2018 Annual Report – National Chairperson of Education & Health
National Chairperson of Education and Health
• Catholic Education: Peggy McNeil
• Wellness and Sickness/Disease: Life Member Dr. Rayleen De Luca
• Environment: Rita Janes
Annual reports from provincial councils provided in-depth information on all that was accomplished under this standing committee. Members were committed to the areas of responsibility in this standing committee and it is my hope to do justice to their endeavours.
Most councils reported being informed about the quality and availability of Catholic education in local schools and parishes, with some reporting between 81–92% positively. Some members indicated they were not aware of family life programs being taught in local schools. One provincial council reported 98% of parish councils had a relationship with feeder schools asking what the needs were and how they could assist. This approach created great dialogue. A few members were part of the Catholic school system and one was involved in policy planning. Alberta Mackenzie Provincial Council reported, “Councils remain prayerfully vigilant and are concerned about the future of publicly funded Catholic education and have written to their MLAs expressing their concerns.”
Councils indicated participating in sacramental preparation with some personally involved in sacramental initiation programs. One provincial council reported each diocesan council had members personally involved in Rite of Christian Initiation of Adults programs.
Literacy and Continuing Education
Mentoring and tutoring new immigrants learning to speak English and acquire new literary skills was reported.
Scholarships and Bursaries
Councils provided bursaries and scholarships to students of all ages. One provincial council reported a diocesan bursary that assists with faith formation studies for religious and lay people. Twelve PEI Catholic Girls Bursaries were provided by Prince Edward Island Provincial Council.
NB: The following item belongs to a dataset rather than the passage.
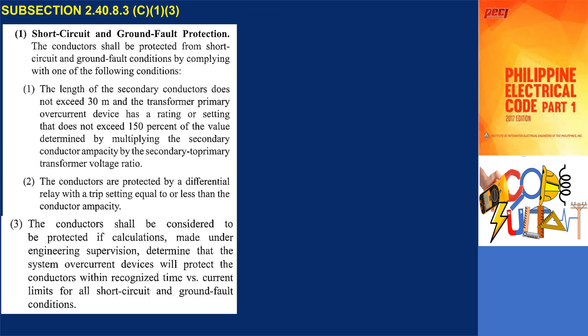Additionally, it is required that the conductors are safeguarded against short-circuit and ground fault events. As stated in subsection 2.40.8.3c1.3, if calculations conducted under the supervision of an engineer determine that the system's overcurrent devices will adequately protect the conductors within recognized time versus current limits for all short-circuit and ground fault scenarios, then this requirement is satisfied.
Bursaries and scholarships ranged up to $500.00. Councils reported promoting and financially supporting Coady International Institute and the National Bursary Fund.
Wellness and Sickness/Disease
It was evident councils embraced the priority set by national council to focus on mental health—in some cases as much as 91%. Canadian Red Cross, Alzheimer Society of Canada, Diabetes Canada, Heart & Stroke Foundation, Multiple Sclerosis Society of Canada, Relay for Life, Autism Canada, Catholic Health Alliance of Canada, Canadian Mental Health Association, Canadian Cancer Society, The Kidney Foundation of Canada, The Arthritis Society, CNIB Foundation, Telemiracle, Ronald McDonald House Charities Canada and the Children’s Wish Foundation of Canada were also supported.
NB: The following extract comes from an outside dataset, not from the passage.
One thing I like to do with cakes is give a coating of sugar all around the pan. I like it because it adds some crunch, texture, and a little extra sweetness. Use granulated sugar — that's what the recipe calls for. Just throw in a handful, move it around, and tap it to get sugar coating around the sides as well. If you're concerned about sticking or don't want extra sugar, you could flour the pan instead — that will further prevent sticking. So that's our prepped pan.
Some councils provided financial donations to adult and teen mental health organizations. Mental health issues were presented through pamphlets, presentations, speakers and activities to promote mental wellness. Members were encouraged to obtain the flu shot, shingles vaccine and the pneumonia vaccine. One council held a demonstration on how to use a defibrillator.
12 Hours of Prayer for Palliative Care was held by councils with one provincial council reporting 82% participation. Members participated in masses, prayer vigils, speakers, living rosaries and adoration, and some participated by praying at home. Brochures were supplied, neighbouring churches were invited, free-will offerings taken for local hospices, prayer blankets were donated, prayer discussions and a time for fellowship and refreshments were available. Nova Scotia Provincial Council reported, “Many councils feel that palliative is a very important cause and want to ensure that the increased awareness and focus remains and is not diminished,” echoing comments from other provincial councils. Those who wished to share personal experiences of palliative care were welcomed and supported.
Many councils participated in Earth Day. Across the board, members reported doing their part to minimize the environmental footprint by recycling, using green bins, reducing use of Styrofoam cups, plates and plastic stir sticks, reducing paper use, eliminating plastic water bottles, participating in roadside/community clean ups, providing alternatives to plastic bags, using glass dishes at meetings, eliminating use of plastic straws and halving the number of weekly garbage bags used. Councils observed Earth Hour and one invited the parish to participate. Some councils saved recyclables and donated proceeds to community charitable organizations and developing countries. Other initiatives included engaging in the Canadian Conference of Catholic Bishops’ statement on the right to safe drinking water, purchasing recycling containers for the parish, attending a Ukrainian ecumenical prayer and song service for environmental protection, saving milk bags for their confirmation class who makes mats for the less fortunate to sleep on and sharing environmental tips on a regular basis. Councils expressed concerns on the effects of climate change.
Several councils reported taking action on Resolution 2018.02 Setting a Standard for Products Marketed as ‘Flushable’ by writing letters, arranging for guest speakers, providing monetary donations and attending seminars on the topic.
There remained a need for members to become more knowledgeable regarding advantages and disadvantages of technological developments in respect to the teachings of the Catholic church. Sixteen councils reported subscribing to the Canadian Catholic Bioethics Institute newsletter.
It is clear most councils were dedicated to providing information and taking action on issues under the education and health standing committee. It is important to be well informed, continue to write letters addressing the issues and continue to provide ongoing educational opportunities to enhance knowledge in education, literacy, health and wellness, environment and continue to monitor genetic advances pertaining to Catholic teachings.